We use a 4 foot piece of 1/2” rebar for our posts on the shorter varieties. I can get 5 posts from a 20’ length of rebar, so each one ends up costing only a few dollars. Two round post electric fence insulators securely hold the fence. I space them about every twelve feet. I have been using 6 foot studded T Posts for the four foot varieties. While they cost more than a wooden post, they don’t rot, they are much sturdier, easier to drive into the ground, and are quick to hang the fence on. They are usually on sale in the spring. I use 3 clip-on electric fence insulators per post, and space them every 8 to 10 feet in the row, since the weight of the pea vines can get heavy.

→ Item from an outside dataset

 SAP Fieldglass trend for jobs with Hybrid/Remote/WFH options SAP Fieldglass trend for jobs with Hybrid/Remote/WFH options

So, in summary, here is a break-down of the cost:
For a 100’ row of 2 foot trellising:
Assuming you would be getting 15 lbs of peas each picking, three pickings would give you 45 lbs of peas. At $4.50 per lb, the value of the peas would be over $200.00. The cost of the fence is then absorbed in the first year.
For a 100’ row of 4 foot trellsing:
Given a harvest of 100 lbs over three to four pickings, at $4.50 per lb the value of the peas would be $450. Again the upfront costs are absorbed in the first season. Take care of the fence and use it for the next 15 years, and you can see the value of the initial expense.
As for varieties, I am really hooked on the Sugar Ann and Cascadia for snaps, and the Green Arrow for shells. The Sugar Ann is really quick, and will yield well over three to four pickings. The Cascadia is a later variety that tops out around 4 feet, so it’s easy to fence.
We focus on snap peas for our markets; we find that the demand for them is higher than shell peas. To do my best to have them every week, I plant numerous successions in the spring, as soon as I can get them in.
For the planting layout, we use a 4 foot bed width, and I can fit either two rows of the Sugar Ann or one row of the Cascadia per bed. I run a band of seeds down each side of where the fence will be set, giving me a double row. On the first day, I plant both Sugar Ann and Cascadia. Then, in a few weeks, I plant both varieties again. Then one week later I plant a last shot of the Sugar Ann. The plan is for the three plantings of Sugar Ann to lead in to the Cascadia. I am often picking the last round of the Sugar Ann when the Cascadia come on, but I don’t mind having some overlap. Once the peas are up, I weed them really well and install the fence when they are about two to three inches in height. Wait too long, and it’s really hard to get the fence between the two rows.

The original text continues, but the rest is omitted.